* [Provided records]:

───

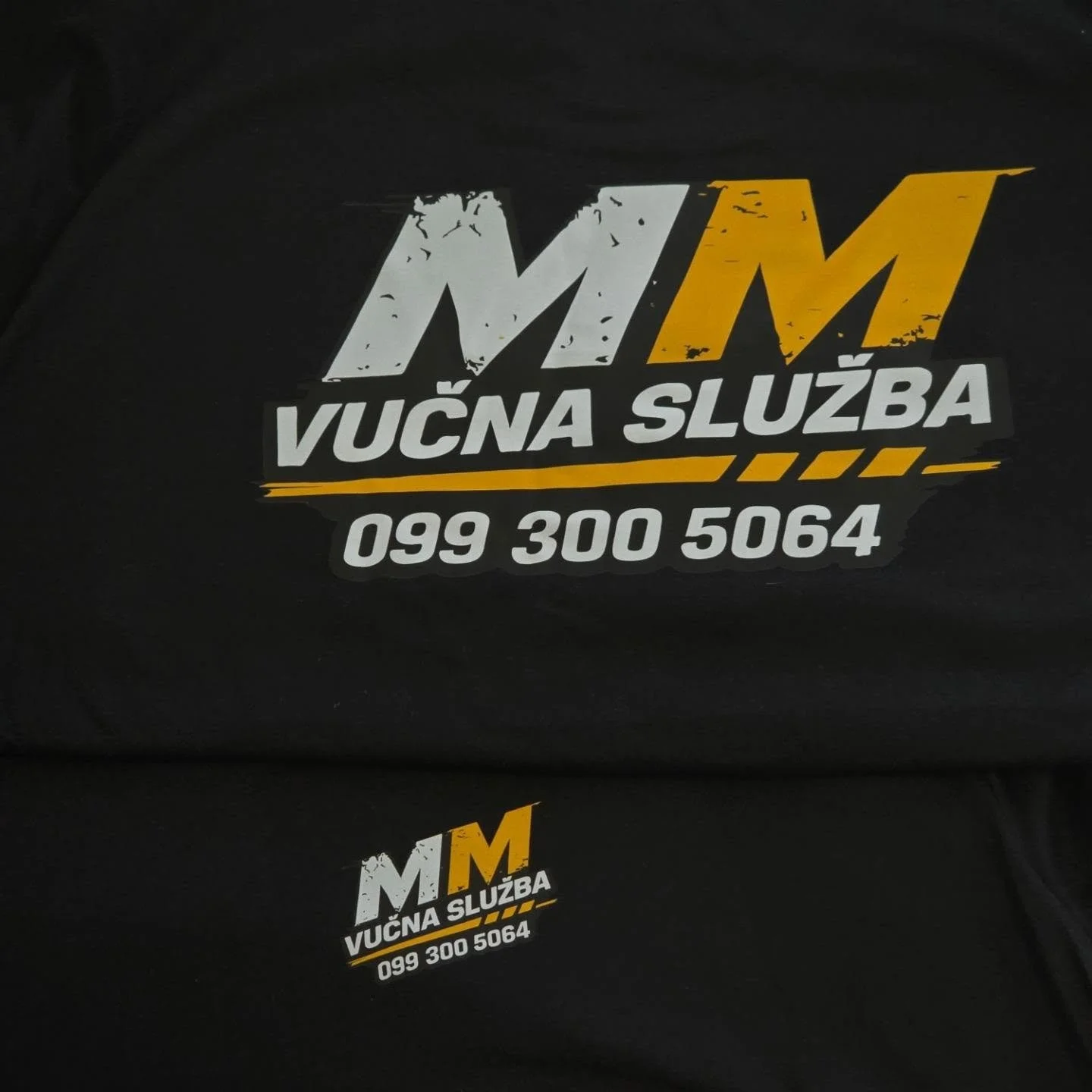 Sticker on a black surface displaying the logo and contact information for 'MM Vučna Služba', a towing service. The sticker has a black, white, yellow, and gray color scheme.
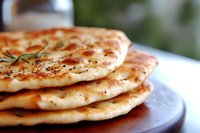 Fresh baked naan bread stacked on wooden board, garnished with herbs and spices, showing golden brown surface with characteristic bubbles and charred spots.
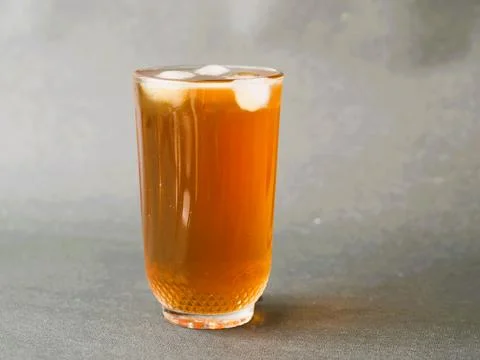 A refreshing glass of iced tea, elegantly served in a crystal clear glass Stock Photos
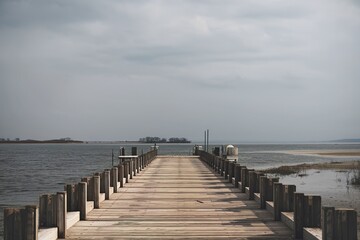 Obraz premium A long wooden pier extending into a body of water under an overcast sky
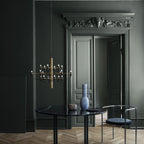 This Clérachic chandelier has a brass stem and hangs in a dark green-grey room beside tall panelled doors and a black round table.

───

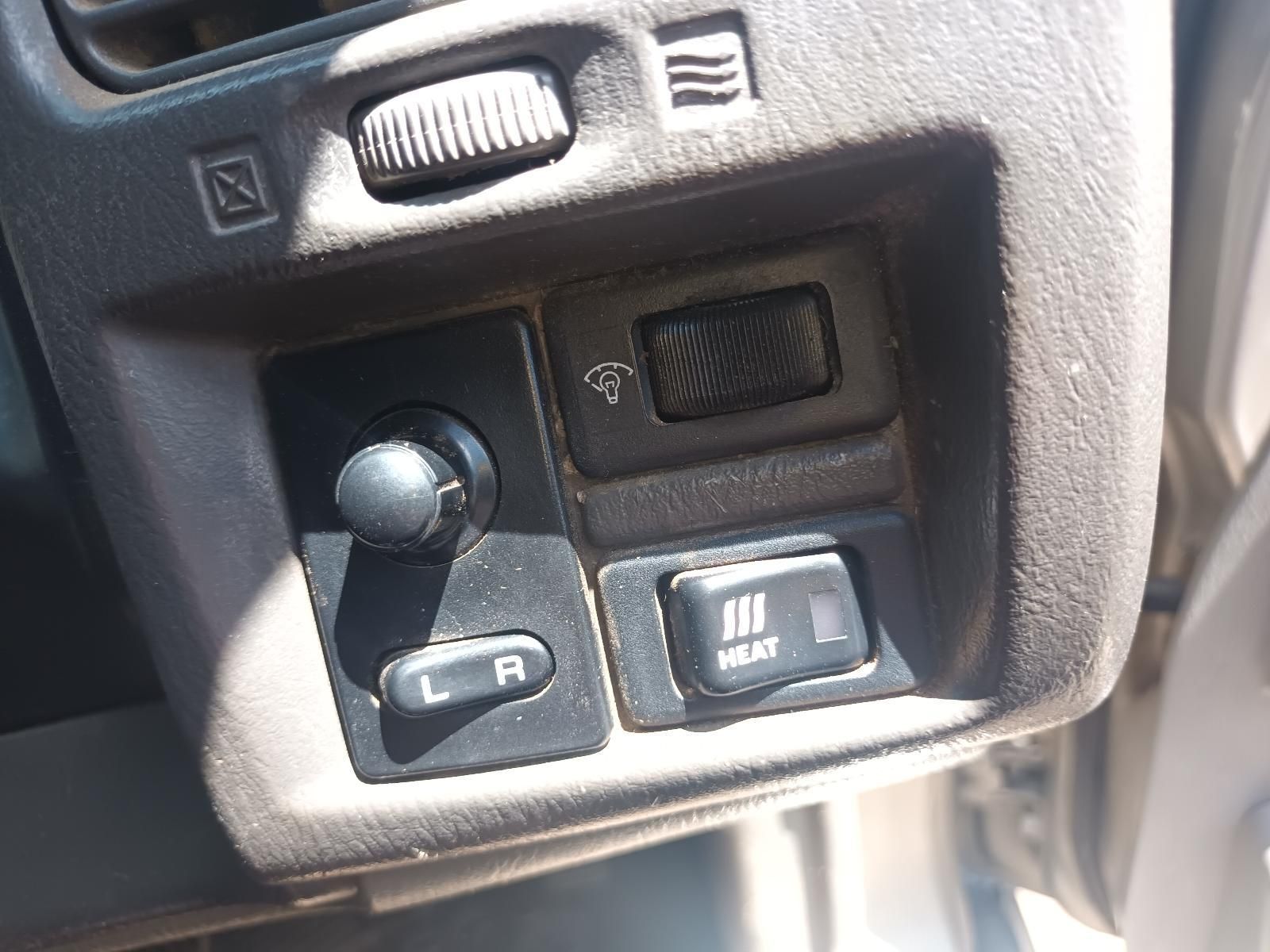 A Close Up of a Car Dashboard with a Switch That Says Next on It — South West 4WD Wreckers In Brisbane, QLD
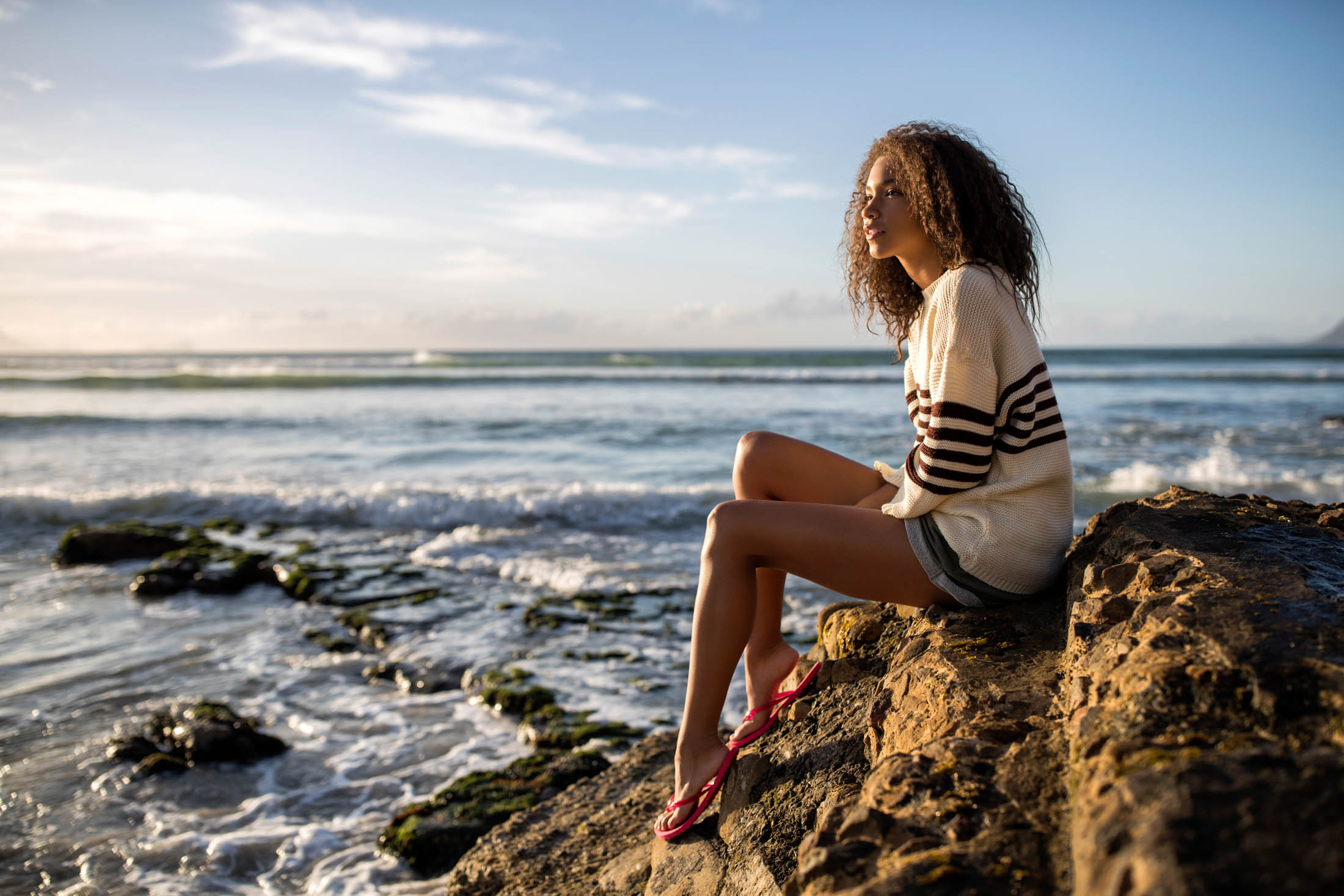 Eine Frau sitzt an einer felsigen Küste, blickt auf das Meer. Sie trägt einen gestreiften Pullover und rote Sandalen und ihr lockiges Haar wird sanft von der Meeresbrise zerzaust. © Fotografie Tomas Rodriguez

───

* [What is expected]:
In the listing above, find the line with "Fresh baked naan" and the line with "This Clérachic chandelier". Output both, plus every line between them, and no pictures.

* [Task solution]:
 Fresh baked naan bread stacked on wooden board, garnished with herbs and spices, showing golden brown surface with characteristic bubbles and charred spots.
 A refreshing glass of iced tea, elegantly served in a crystal clear glass Stock Photos
 Obraz premium A long wooden pier extending into a body of water under an overcast sky
 This Clérachic chandelier has a brass stem and hangs in a dark green-grey room beside tall panelled doors and a black round table.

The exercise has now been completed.